Your objective>
Once the line holding "Movie still from" is found, output it and all remaining lines of the data exactly, with every picture left out.

Input data>
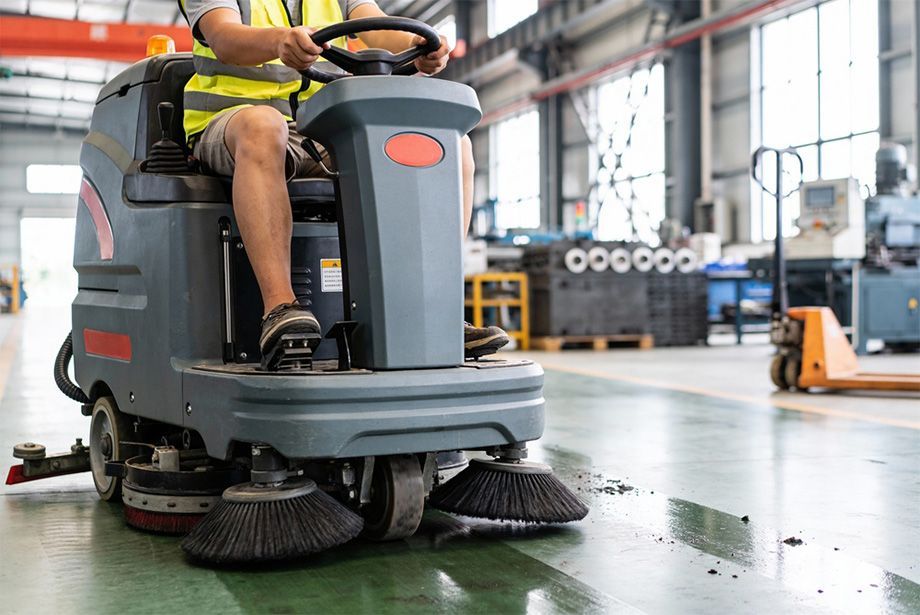Wooden swing set and playhouse on a grassy lawn with trees in the background.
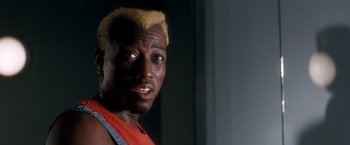 Movie still from “Demolition Man” (1993), directed by Marco Brambilla – A person wearing a red shirt; Close Up shot, Low angle
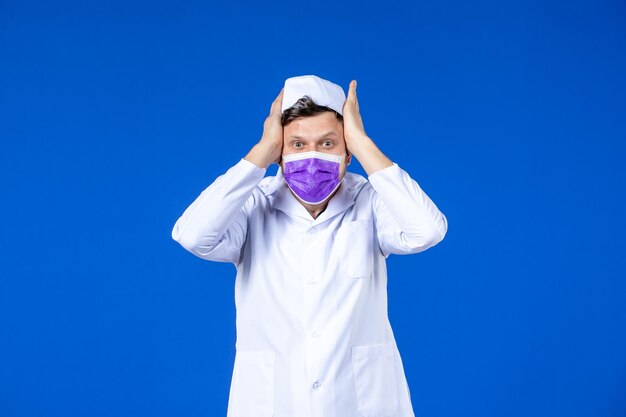 Vista frontale del medico maschio sollecitato in tuta medica e maschera viola sull'azzurro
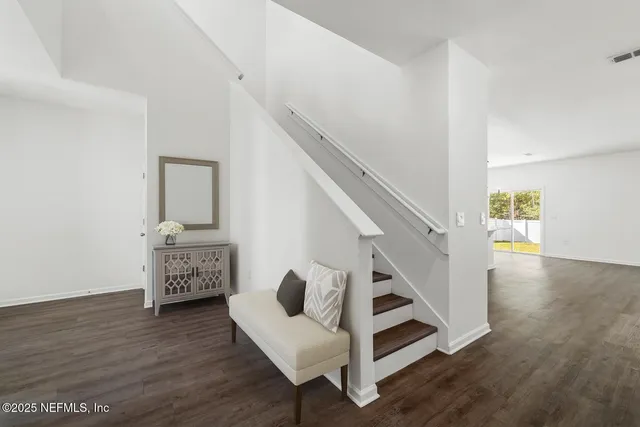 a view of entryway and hall with wooden floor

The answer>
 Movie still from “Demolition Man” (1993), directed by Marco Brambilla – A person wearing a red shirt; Close Up shot, Low angle
 Vista frontale del medico maschio sollecitato in tuta medica e maschera viola sull'azzurro
 a view of entryway and hall with wooden floor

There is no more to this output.